April 11, 2024

PASSHE Board of Governors Affirms Interest in Potential Tuition Freeze

Contact: Kevin Hensil, khensil@passhe.edu

Seeks state appropriation of $623.7 million—an increase of $38.1 million (or 6.5%)—for the 2024-25 fiscal year

Funding above the requested amount would further reduce costs to students, increase student success and opportunities

Tuition has been flat for a remarkable six years

Harrisburg, PA – The Board of Governors for Pennsylvania’s State System of Higher Education met today and reaffirmed its request for a state appropriation of at least $623.7 million—an increase of $38.1 million (or 6.5%)—for the 2024-25 fiscal year to enable the State System to keep tuition frozen for a remarkable seventh consecutive year.

“PASSHE wants to freeze tuition again next year as part of our commitment to keeping tuition as low as possible,” said Board of Governors Chair Cynthia D. Shapira. “The Board of Governors is grateful for the historic funding the governor and General Assembly have provided in recent years that helped us freeze tuition and build on the power and promise of PASSHE to offer students the most affordable option in the state. We will continue working with state leaders to secure a funding increase that would enable us to freeze tuition again next year.”

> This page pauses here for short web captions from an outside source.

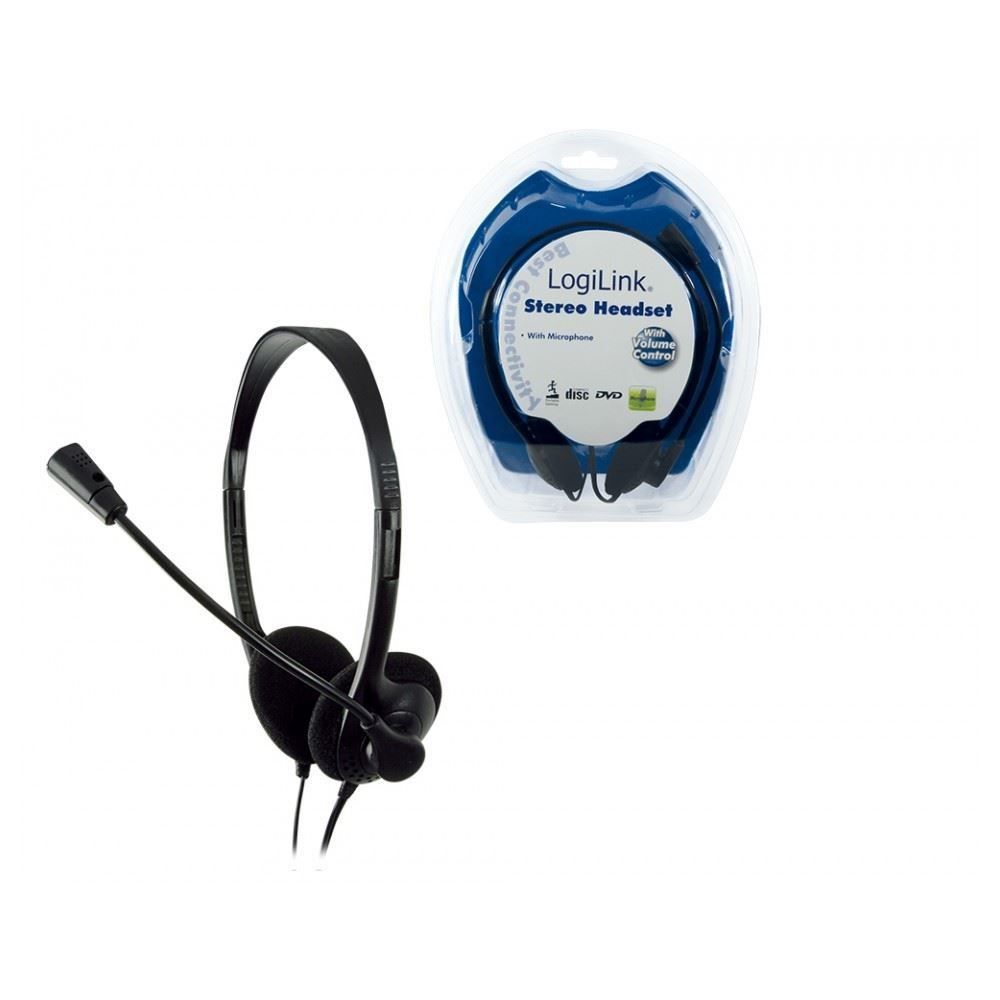 Cuffie: Headset Deluxe, mit Mikrofon, schwarz – Nuovo e nell'imballaggio originale da St. Gallen venduto da cointec 5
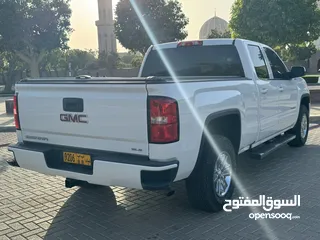  7 بيك اب GMC فورويل سيرا نظيفه جدا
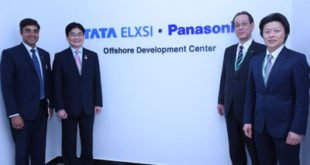 Panasonic India Establishes  R&D Centre, Partners with TATA ELXSI
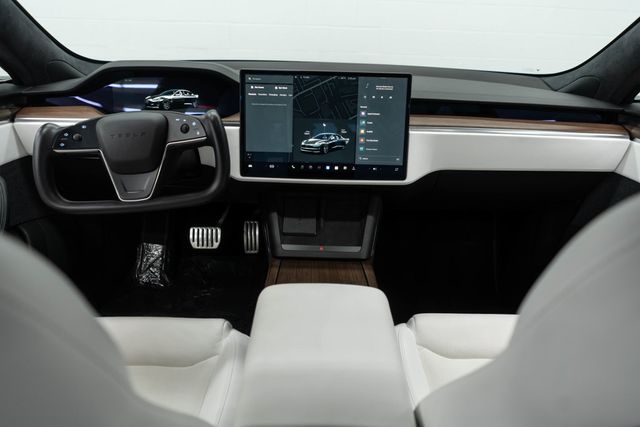 2022 Tesla Model S Long Range AWD - 23011186 - 9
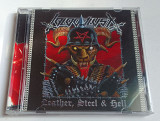 Bloodlust - Leather, Steel & Hell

The Board of Governors announced the funding request last October and repeated it today amid state budget discussions by state leaders. Funding above PASSHE’s request would help the System lower costs for students and invest in their success.

Tuition Freezes Benefit Students and Employers
PASSHE has kept in-state undergraduate tuition at $7,716 a year for six years, a rare accomplishment in higher education across the county.

If tuition had kept pace with inflation, students would pay 21% more today.

PASSHE’s tuition freezes and cost savings initiatives— aided by significant state funding increases— are allowing more students and families to afford college. The price State System students pay for tuition, fees, room, board and common expenses is nearly flat over the last five years, despite inflation and other cost pressures. As a result, enrollment of new first-time students is up a combined 10% over the past two years.

“The State System has made remarkable progress in recent years. We have kept tuition frozen, improved student success, increased new student enrollment, and stabilized the System’s finances, despite the challenges in higher education across the country," said Chancellor Dan Greenstein. “The funding increase we are requesting will allow us to freeze tuition again, continue offering degrees for the most in-demand careers at the lowest cost for students and build a stronger workforce.”

The governor’s proposed blueprint is raising awareness of the national challenges confronting higher education and the need to reduce costs for students, increase their access to higher education and improve coordination across the sector. Those priorities build on PASSHE’s ongoing redesign, and while the complex discussion evolves, Pennsylvania should continue to increase investments in PASSHE students, their universities and the progress occurring throughout the State System.

Aligning Programs to Workforce Needs
PASSHE has been undergoing a multi-year transformation that is delivering results for students, employers and the commonwealth. State System universities have improved student affordability and success, have graduation rates consistently better than similar institutions, and align academic learning to workforce needs. Today, nearly 80% of students major in areas with in-demand jobs, making PASSHE universities a key to workforce development and addressing worker shortages.

The Board of Governors also updated its transfer policies in 2021, which guarantee admission to Pennsylvania community college students with associate degrees. More than 59,000 community college students have transferred to a PASSHE university since 2010, and nearly 96% of credits were accepted last year.

Additionally, dual enrollment by high school students has nearly doubled since 2018.

The Board will set tuition in July after the commonwealth completes the budget process.